Faithful and Virtuous Night
- First edition
- Author: Louise Glück
- Genre: Poetry
- Publisher: Farrar, Straus and Giroux
- Publication date: 2014

= Faithful and Virtuous Night =

2014 poetry collection by Louise Glück

Faithful and Virtuous Night is a poetry collection by Louise Glück, published in 2014.

==Composition and contents==
The collection alternates between traditional poems and paragraph-long prose poems, marking the first inclusion of prose poems in a book by Glück.

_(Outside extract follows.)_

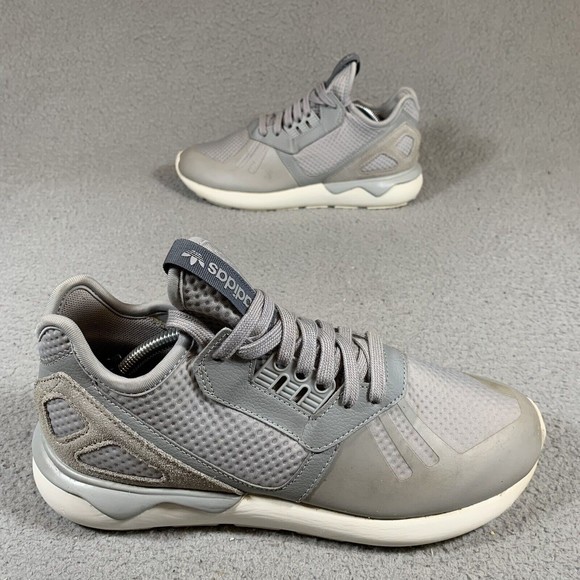 Adidas Originals Women's Tubular Running Shoes S75619 Grey/Onix/White size 7.5 - Picture 1 of 8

Kathryn Davis, a friend of Glück's, read the collection's poems as they were written. She suggested Glück compose and include its prose poems. Glück drew inspiration from the short works of Franz Kafka while writing the collection.

==Reception==
In Boston Review, Craig Morgan Teicher wrote that the collection "[...] may be Glück’s strangest work yet, the hardest to describe or put in line with the others." Writing for NPR, Annalisa Quinn both praised and criticized the collection's abstruseness, referring to the prose poems as "blandly koanic" while also writing that some of the "[...] poems' incompleteness and inscrutability are suggestive rather than prohibitive."

===Honors and awards===
Glück received the National Book Award for Poetry for the collection. It was also shortlisted for the T. S. Eliot Prize.